Monday, 11 January 2016

Oko-Baba, Makoko to be tourism havens after timberland relocation


A new skyline of mix tourism /choice residential  spots that will rival highbrow spaces in Victoria and Lagos Islands may replace the Oko-Baba, a timber industrial in Ebute Meta, Lagos mainland stretch before the end of the year.
 
Makoko. Pic: c/o Aljazeera


Governor Akinwunmi Ambode has indicated that in the first quarter of 2016, the saw millers and plank traders operating in Oko-Baba must be relocated to the newly- completed Agbowa timber industrial resettlement in Ikosi Local Government Area. The governor has given a three-month deadline to the contractor of the new N3bn Agbowa timberland to complete the site so that the decades old occupants of Oko Baba can be relocated as soon as possible.

The new Agbowa timber industry accommodates offices, residential blocks, cutting workshops, truck farms and several other facilities.

As regards the post-saw mill face of Oko-Baba and Makoko, sources close to the government have disclosed that the axis is being considered as a tourism haven. The thinking of government, the sources explained, was that the volume of traffic in Lagos Island and Victoria Island CBDs were becoming extremely difficult to manage, and is affecting leisure and tourism revenue. "The lagoon is better utilised for tourism away from the complexity of managing chaotic traffic in Lagos and Victoria Islands as Makoko and Oko-Baba have advantage of good networks of roads across the Yaba axis.”

  In fact, the post-timberland Oko-Baba / Makoko axis has been envisioned as tourist attraction given its potential to be another Venice, a tourist haven in Italy. In fact, the entire Makoko stretch, according to findings would be uplifted to meet international tour destination.
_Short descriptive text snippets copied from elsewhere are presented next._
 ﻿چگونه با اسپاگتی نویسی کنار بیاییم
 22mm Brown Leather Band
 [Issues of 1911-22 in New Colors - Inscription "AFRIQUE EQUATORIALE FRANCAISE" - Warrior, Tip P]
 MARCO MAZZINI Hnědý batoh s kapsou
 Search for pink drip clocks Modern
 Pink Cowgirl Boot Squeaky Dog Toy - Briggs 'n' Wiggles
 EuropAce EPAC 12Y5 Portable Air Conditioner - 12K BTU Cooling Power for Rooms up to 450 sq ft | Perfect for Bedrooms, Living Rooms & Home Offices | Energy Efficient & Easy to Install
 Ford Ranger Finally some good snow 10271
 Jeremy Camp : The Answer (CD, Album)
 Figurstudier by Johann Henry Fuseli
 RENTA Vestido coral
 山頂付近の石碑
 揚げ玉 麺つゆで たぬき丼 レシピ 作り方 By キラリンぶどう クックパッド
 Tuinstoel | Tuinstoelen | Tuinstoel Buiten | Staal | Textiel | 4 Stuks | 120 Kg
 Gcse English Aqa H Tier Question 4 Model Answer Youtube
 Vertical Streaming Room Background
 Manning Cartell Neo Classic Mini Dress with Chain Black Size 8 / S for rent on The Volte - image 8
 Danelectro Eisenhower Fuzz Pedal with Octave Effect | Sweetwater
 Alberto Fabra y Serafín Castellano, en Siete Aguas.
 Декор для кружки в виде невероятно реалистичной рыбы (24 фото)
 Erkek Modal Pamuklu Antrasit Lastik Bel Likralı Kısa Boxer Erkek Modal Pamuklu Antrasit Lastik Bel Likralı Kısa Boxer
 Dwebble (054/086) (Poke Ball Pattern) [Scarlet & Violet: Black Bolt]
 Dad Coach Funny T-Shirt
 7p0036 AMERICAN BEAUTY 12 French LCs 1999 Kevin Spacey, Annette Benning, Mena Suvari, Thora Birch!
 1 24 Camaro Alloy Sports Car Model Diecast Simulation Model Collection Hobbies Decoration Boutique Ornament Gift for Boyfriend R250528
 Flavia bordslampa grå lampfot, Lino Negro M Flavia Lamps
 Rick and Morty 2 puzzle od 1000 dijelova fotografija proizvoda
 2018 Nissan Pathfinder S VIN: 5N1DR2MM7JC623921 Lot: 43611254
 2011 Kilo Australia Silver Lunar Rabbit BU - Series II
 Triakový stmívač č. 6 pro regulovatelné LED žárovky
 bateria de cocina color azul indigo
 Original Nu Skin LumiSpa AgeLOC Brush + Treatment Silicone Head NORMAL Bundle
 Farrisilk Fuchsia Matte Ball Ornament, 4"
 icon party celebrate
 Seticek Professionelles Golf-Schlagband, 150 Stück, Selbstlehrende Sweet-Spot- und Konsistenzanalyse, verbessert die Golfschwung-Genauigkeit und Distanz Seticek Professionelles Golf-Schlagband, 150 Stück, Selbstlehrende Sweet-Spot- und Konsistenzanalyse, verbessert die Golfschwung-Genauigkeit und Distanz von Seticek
After the planned relocation of Oko-Baba timber industry, there are indication of a possible understading between the people of Makoko and Lagos State Government on working together to make the environment a better place without infringing on anyone’s right.

Sunday, 10 January 2016

‘BRT, Light Rail for Agege Motor Road/Lagos Abeokuta Express Way to start in December 2016’

                                           
Model for the Lagos-Abeokuta Expressway/Agege Motor road Ligh rail project

If the revelation by Prince Olanrewaju Elegushi, Special Adviser to Governor Akinwunmi Ambode is anything to go by, the people of Agege, Egbeda, Agbado, Oshodi, Mushin, Surulere and other axis may have every reason to be joyful from 2016. Reason: Elegushi has disclosed that beginning from the last quarter of this year, Lagos State Government will commence construction of BRT corridors along Agege Motor Road/Lagos-Abeokuta Express Way.


 Elegushi who was a guest on the Yoruba section of Lagos Traffic Radio 96.1 fm last Thursday, January 7, 2016 said the next BRT corridors after the completion of the multi lanes and light train project on Lagos-Badagry Expressway will be the Agege-Motor Road/Lagos-Abeokuta Express way axis. He assured that the Lagos-Badagry project known as “the Blue Line will be completed by December this year.”

 While responding to questions from callers who wanted BRT corridors for Agege Motor Road/ Lagos Abeokuta Express Way axis, Elegushi stated that “construction for Red Light rail is to commence in December 2016 along Agbado Ijaye through Abule Egba Ikeja and Oshodi.”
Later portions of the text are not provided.